Today is a special day as we commemorate a significant step toward greater liberty and freedom. Juneteenth marks the moment when those who resisted freedom and emancipation were ultimately overcome and the promise of emancipation moved closer to reality. It is an important day to recognize the sacrafices and challenges of those who go back to the very beginning of our society but have not always been treated well.
Yet these struggles are not confined to the past. Many of the challenges associated with discrimination, hatred, racism, and other mistreatments rear their head from time to time in history up until modern times. While most may do what is right, those who do what is wrong are often given wink and nod justice and more victims are created. We are becoming sensitized to wrongdoing through narratives and victim blaming.
The Allegory of the Clan, loosely modeled after Plato’s Allegory of the Cave, explores how systems that embrace corruption and exclusion can emerge within societies. It examines themes such as discrimination, abuse of authority, manipulation of vulnerable populations, reputational harm, secret agreements, retailiation against witnesses and whistleblowers, misuse of public resources, and the tendency of some groups to protect wrongdoing rather than correct it. When institutions fail to hold themselves accountable, trust erodes and injustice can become entrenched. If it is a trend, you have a problem no matter what the narrative provided may be.
The encouraging reality is that the overwhelming majority of officials and citizens strive to do what is right. Good people doing what they promised and upholding their social contracts. They have a value system that many millions of people agree with. Many stand up for fairness, justice, and the rule of law, but they often need support. These are people with noble value systems-moral conscious. Yet we still have this problem of victim dumping and rewarding bad behaviors in some cases. The higher laws don't seem to count where people want to gain something. There are few checks and balances.
Not all agree that all people have value and that law should be just and fair. Because those who undermine our values often create many victims we must challenge wrongdoing. There are places and times where people have intentionally harmed others and reward people most similar to themselves in values, skin color, religion, ideology, politics, etc. They allowed and rewarded open hate. So we strengthen our communities not by disengaging, but by participating—by encouraging those who act with integrity and reporting misconduct when it occurs (It may be ignored or undermined but you tried). As the saying goes, if you can't correct it, then you protect it.
We are all in this together. There are many people in the future that rely on our choices today and at this time in history. No politician, judge, official, or powerful individual should have the authority to underemine that which we we strove generation after generation. Every person possesses inherent worth and deserves equal protection under the law. When victims are silenced, targeted, and have no recourse there is a problem.

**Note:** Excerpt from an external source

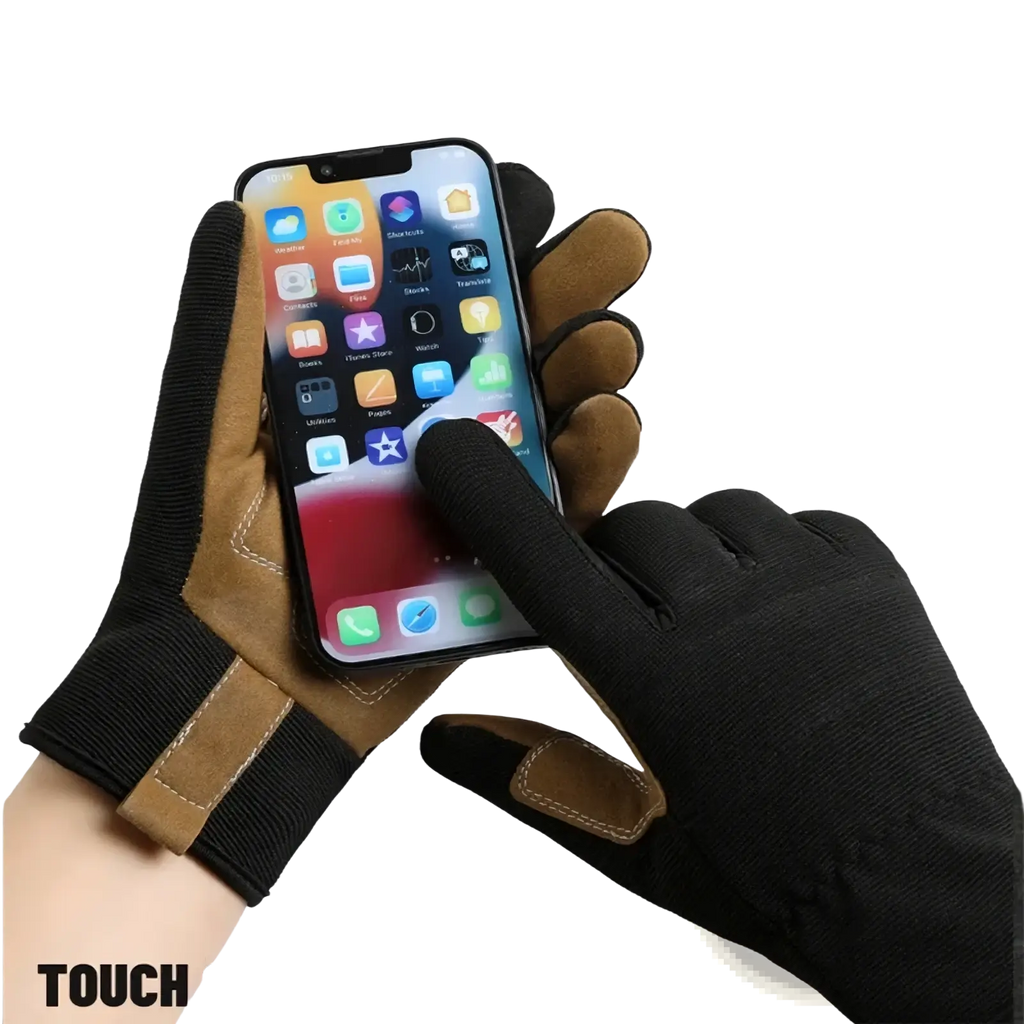 Touchscreen work gloves for men and women in black and tan with reinforced finger tips for precise phone interaction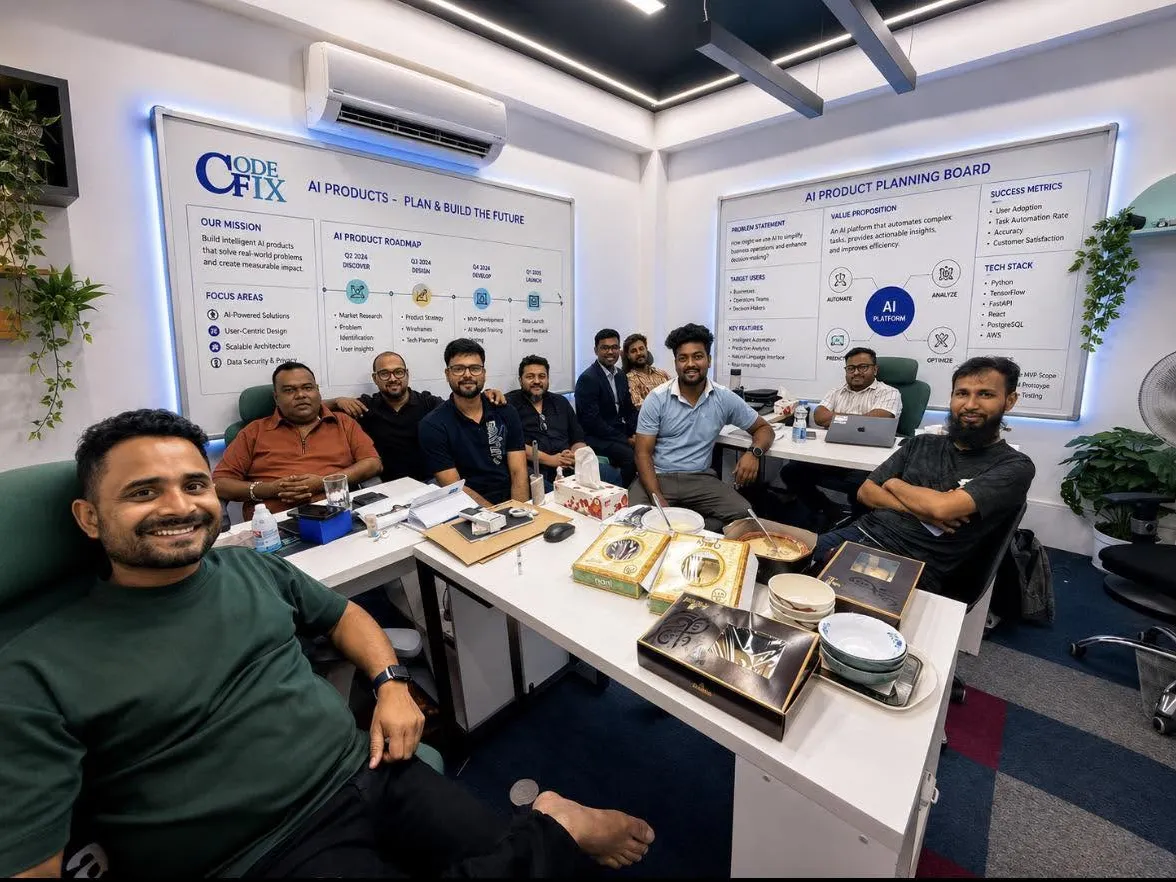 The CodeFix IT team at our Dhaka office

As a society, we can move forward by practicing civility, kindness, understanding, and mutual respect. By encouraging constructive behavior and holding destructive actions accountable, we help create communities and a society that are stronger, fairer, and more resilient. Juneteenth reminds us not only of how far we have come, but also of our ongoing responsibility to safeguard liberty, justice, and human dignity for all. Most importantly for the next generation.
*The Allegory of the Clann is a philosophical thought experiment for learning purposes so come to whatever conclusion you desire as long as you thought about it.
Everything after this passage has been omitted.